Lumen, Barcelona, 2008. 207 pp. 18 €
José Manuel de la Huerga
«Todas las cartas de amor son/ Ridículas./ No serían cartas de amor si no fuesen/ Ridículas». sentenció hace un siglo Fernando Pessoa. Y éste que tenemos entre manos es un magnífico tratado de ridiculeces, desde el Poema de Gilgamesh a nuestros días, recogiendo, como el perfumista obsesivo, mínimas gotas de esencia de nuestra condición amatoria, tan ridícula.

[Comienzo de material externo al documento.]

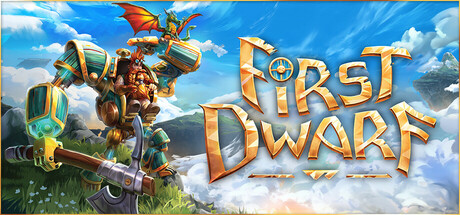 First Dwarf Cover Image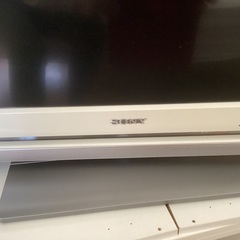 ソニー　BRAVIA 液晶テレビの画像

La verdad es que, vistos desde fuera, incluso contemplados con benevolencia, somos una especie digna de estudio: capaces de las más altas cimas del pensamiento, de la creación artística y científica, para caer inmediatamente en el amor como en la trampa menos artera y más evidente que se conozca, y de la que venimos estando prevenidos desde tiempo inmemorial.

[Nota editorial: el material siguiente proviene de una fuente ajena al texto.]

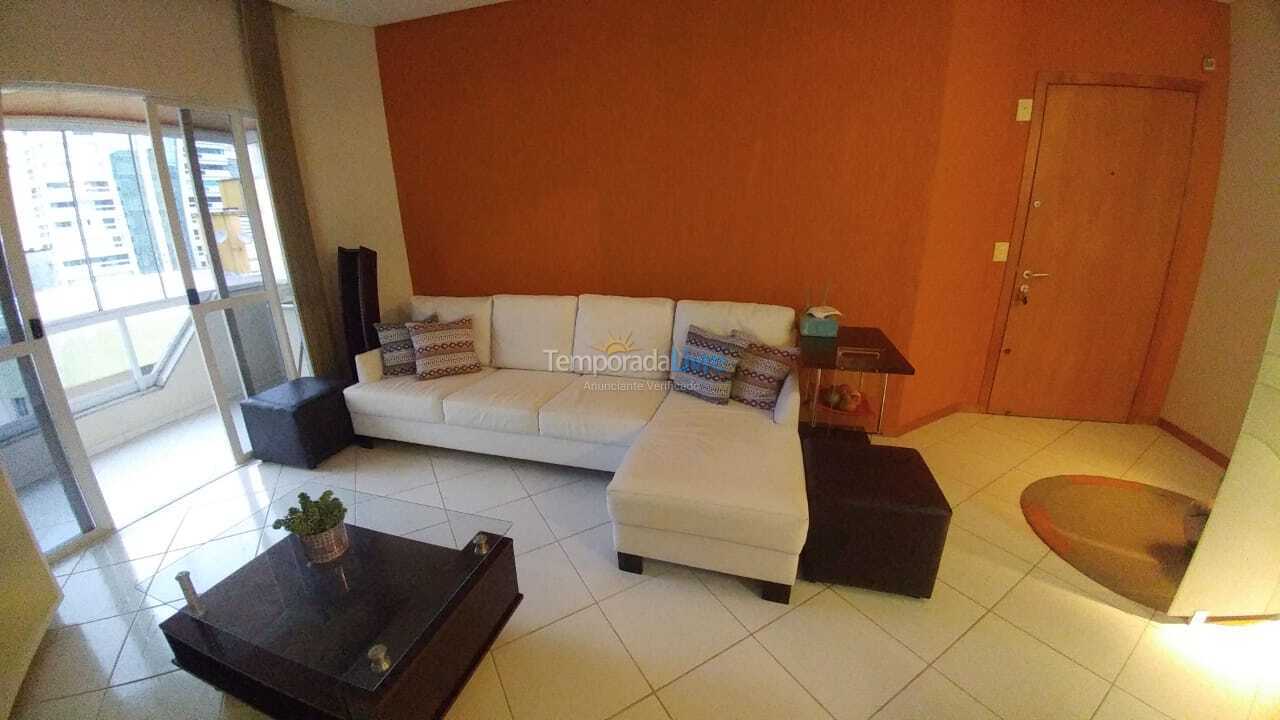 Apartamento para alquiler de vacaciones em Itapema (Meia Praia)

Alberto Manguel, uno de los ratones de biblioteca más aplicados de nuestro tiempo, ha seleccionado este ramillete de flores amorosas, supongo que con el pálpito del poema de Pessoa como tesis imposible de refutar. El propio Manguel nos avisa en las primeras páginas: sólo el gusto personal, la intuición en la recolección de estos frutos cotidianos hacen coincidir en páginas contiguas poemas y cartas de amor que distan en el momento de su escritura cientos de kilómetros y de años, todos ellos de poetas, músicos, artistas y científicos conocidos en sus facetas digamos que profesionales.
Puede que este libro formara parte de la biblioteca del náufrago tras un desastre nuclear o de la caja de esencias humanas que enviáramos en la nave espacial como tarjeta de presentación a los extraterrestres. Desde luego que es una muestra bastante completa de lo mejorcito de cada casa. Ahí van algunos botones para nuestro sonrojo: «Tú, mi guerrero, tienes que marchar sobre mí...» (1700 a. C.), «—¿Dónde? ¿Cuándo? ¿Cuánto? —Tu casa. Esta noche. Gratis». «Cuando usted se haya curado, yo estaré enferma». «Mi ángel, vivo en tu campanario». «Cuando estoy triste pienso en vos, como en invierno se piensa en el sol, y cuando estoy alegre pienso en vos, como a pleno sol se piensa en la sombra». «El nombre de esposa parece ser más santo y más vinculante, pero para mí la palabra más dulce es la de amiga y, si no te molesta, la de concubina o meretriz». «Un parpadeo tuyo basta para que aparezca el mundo». (No desvelo quiénes son los autores y autoras de estas joyas, para que vayan a buscarlos y se sorprendan.) Y así podríamos seguir por los siglos de los siglos.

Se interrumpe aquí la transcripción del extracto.